Reports of bad weather have most people checking the TV for a storm’s path so they know whether to stay indoors, cover garden plants, or perhaps hunker in the basement for a time.
New England Chapel team with homeowners who need help.
But in Franklin, Mass., members of New England Chapel, a Christian Reformed congregation, wonder what they can do for surrounding towns that have been hit by storms.
A year ago, after a tornado plowed through Brimfield, a town 60 miles away, church members asked, “What can we do?” For over a year now, they have traveled to other towns hit by storms asking the same question.
New England Chapel’s weekly mission trips consist of lots of manual labor. But physical ailments aren’t the only thing tornadoes leave in their wake. “We spent a lot of time looking for lost pictures and other things of personal value,” said church member Gwen Clark.

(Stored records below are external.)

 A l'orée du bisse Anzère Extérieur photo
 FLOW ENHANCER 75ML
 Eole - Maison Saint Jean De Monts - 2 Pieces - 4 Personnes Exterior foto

The congregation’s work has continued throughout the summer. Every Saturday a group travels an hour to help out. Currently the church is working 90 miles away in Springfield, another city hit hard by storms. Dena Gauthier, one of the organizers of the relief efforts, has volunteers complete a skills assessment so that the group the church works with, Springfield Community Together, can plan appropriate projects.
“Our assignments have included some tree cutting and debris removal, but we have also installed windows and gutters, torn down fences, and seeded lawns,” said Gauthier.
This year, the church will partner with the CRC’s Disaster Response Service to continue their relief efforts. “We have been involved with short-term mission trips for years, so when tornadoes rolled through our state, it seemed like an opportunity to help,” Gauthier said. “As long as I can put a team together and we are needed, we will go.”